12 tips for better EHR usability
"Although computers and EHRs can facilitate and even improve clinical documentation, their use can also add complexities," according to a new paper from the American College of Physicians, which offers its take on usage strategies and better system design.
[See also: When EHR design is a 'what not to do']
"In the past decade, medical records have become increasingly synonymous with electronic health records," write the authors of the new report, "Clinical Documentation in the 21st Century," published in the Annals of Internal Medicine.
In the not-too-distant future, EHRs – and the clinical notes contained therein – will evolve: "Existing technology, such as registries, portals, connected home monitoring devices and provider- and patient-controlled mobile devices, as well as technology not yet in use or even built, is likely to integrate with or possibly even replace the EHR (as currently conceptualized) as a primary vehicle for viewing and recording clinical documentation," they write.
[See also: Usability key to wide EMR adoption]
In the meantime, "physicians must help define and prioritize the many important roles that clinical documentation serves today." Toward that end, the paper, written by ACP's Medical Informatics Committee, offers a dozen recommendations for clinicians, hospitals, IT vendors and policymakers to improve clinical documentation – and EHRs themselves.
ACP's recommendations for better clinical documentation:
- The primary purpose of clinical documentation should be to support patient care and improve clinical outcomes through enhanced communication.
- Physicians working with their care delivery organizations, medical societies and others should define professional standards regarding clinical documentation practices throughout their organizations:
- The clinical record should include the patient's story in as much detail as is required to retell the story.
- When used appropriately, macros and templates may be valuable in improving the completeness and efficiency of documentation, particularly where that documentation is primarily limited to standardized terminology, such as the review of systems and physical examination findings.
- The EHR should facilitate thoughtful review of previously documented clinical information. Ready review of prior relevant information, such as longitudinal history and care plans as well as prior physical examination findings, may be valuable in improving the completeness of documentation as well as establishing context.
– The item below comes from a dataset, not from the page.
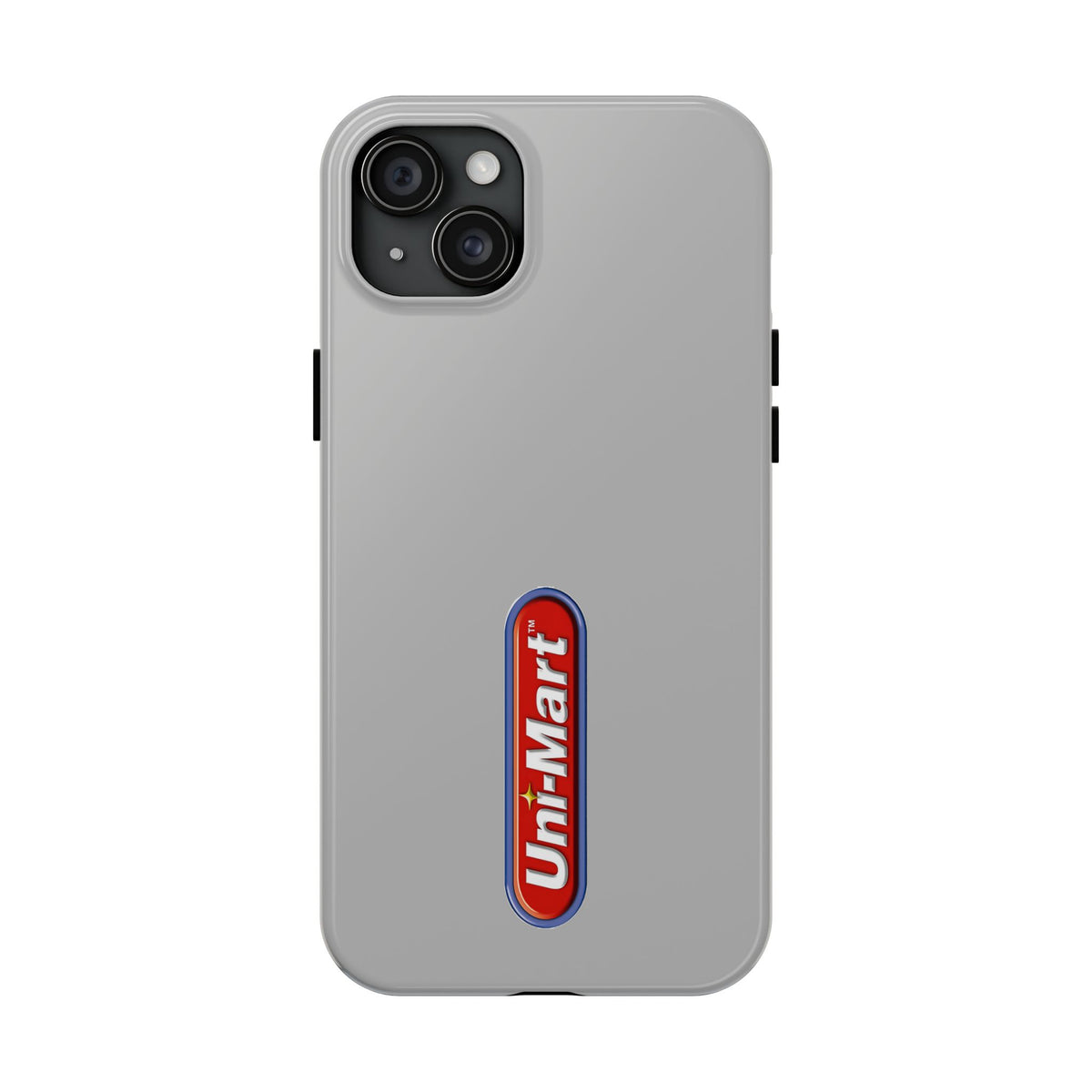 Uni-Mart Tough Phone Case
- Where previously documented clinical information is still accurate and adds to the value of current documentation, this process of "review/edit and/or attest, and then copy/forward" of specific prior history or findings may improve the accuracy, completeness and efficiency of documentation. However, these documentation techniques can also be misused, to the detriment of accuracy, high-quality care and patient safety.
- Effective and ongoing EHR documentation training of clinical personnel should be an ongoing process.
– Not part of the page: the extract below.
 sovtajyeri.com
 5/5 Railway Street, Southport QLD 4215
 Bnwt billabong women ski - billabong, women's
- As value-based care and accountable care models grow, the primary purpose of the EHR should remain the facilitation of seamless patient care to improve outcomes while contributing to data collection that supports necessary analyses.
- Structured data should be captured only where they are useful in care delivery or essential for quality assessment or reporting.
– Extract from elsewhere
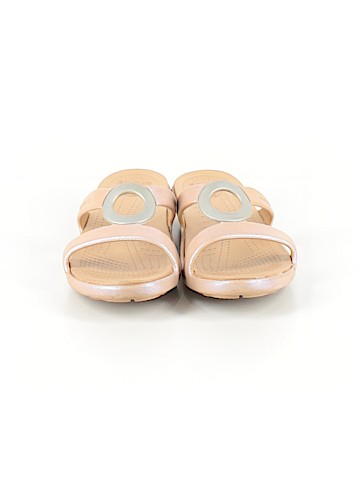 Crocs Sandals (view 2)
- Prior authorizations, as well as all other documents required by other entities, must no longer be unique in their data content and format requirements.
- Patient access to progress notes, as well as the rest of their medical records, may offer a way to improve both patient engagement and quality of care.
- ACP calls for further research to:
- Identify best practices for systems and clinicians to improve accuracy of information recorded and the value of information presented to other users.
- Study the authoring process and encourage the development of automated tools that enhance documentation quality without facilitating improper behaviors.
- Understand the best way to improve medical education to prepare new and practicing clinicians for the growing uses of health information technology in the care of patients and populations and to recognize the importance of their responsibility to document their observations completely, concisely, accurately and in a way that supports their reuse.
- Determine the most effective methods of disseminating professional standards of clinical documentation and best practices.
Suggestions for EHR design improvement:
- EHR developers need to optimize EHR systems to facilitate longitudinal care delivery as well as care that involves teams of clinicians and patients that are managed over time.
- Clinical documentation in EHR systems must support clinicians' cognitive processes during the documentation process.
- EHRs must support "write once, reuse many times" and embed tags to identify the original source of information when used subsequent to its first creation.
- Wherever possible, EHR systems should not require users to check a box or otherwise indicate that an observation has been made or an action has been taken if the data documented in the patient record already substantiate the action(s).
- EHR systems must facilitate the integration of patient-generated data and must maintain the identity of the source.
"Electronic health records should be leveraged for what they can do to improve care and documentation, including effectively displaying prior information that shows historical information in rich context; supporting critical thinking; enabling efficient and effective documentation and supporting appropriate and secure sharing of useful and usable information with others, including patients, families and caregivers," write Thomson Kuhn; Peter Basch, MD; Michael Barr, MD; and Thomas Yackel, MD.
"These features are unlikely to be optimized as long as the format and content of clinical documentation are primarily based on coding and other regulatory requirements," they add. "We are in danger of repeating history by overstructuring the clinical record and overloading it with extraneous data. Physicians must learn to leverage the enormous and growing capabilities of EHR technology without diminishing or devaluing the importance of narrative entries. Failure to do so will inevitably influence the way we think and teach, to the detriment of patient care."